# The Winner of the June Photo Challenge - "Two"



## snowbear

Congratulations to @jcdeboever for _Two Spider Mums._


----------



## waday

Congrats @jcdeboever !


----------



## Dean_Gretsch

Awesome pic! I voted for it even though I had entered one,because I had to vote for the best!


----------



## tirediron

Well done!


----------



## otherprof

snowbear said:


> Congratulations to @jcdeboever for _Two Spider Mums._
> Congratulations!

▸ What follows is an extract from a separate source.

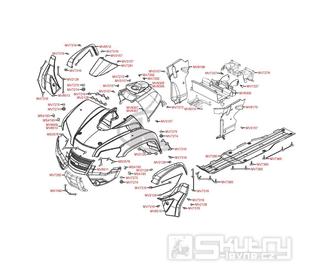 F05 Přední kapotáž - Kymco MXU 450i LOF LC90CE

Well deserved.


----------



## jcdeboever

Thanks @snowbear, @waday, @Dean_Gretsch, @tirediron, @otherprof . Very kind of y'all


----------



## ZombiesniperJr

Congrats


----------



## jcdeboever

ZombiesniperJr said:


> Congrats


Thanks.


----------



## sw_

Congrats man, lovely image.


----------



## jcdeboever

sw_ said:


> Congrats man, lovely image.


Thanks


----------



## goooner

Congrats JC, stunning image!


----------



## jcdeboever

goooner said:


> Congrats JC, stunning image!


Thanks


----------



## acparsons

Great Work!


----------



## jcdeboever

acparsons said:


> Great Work!


Thanks


----------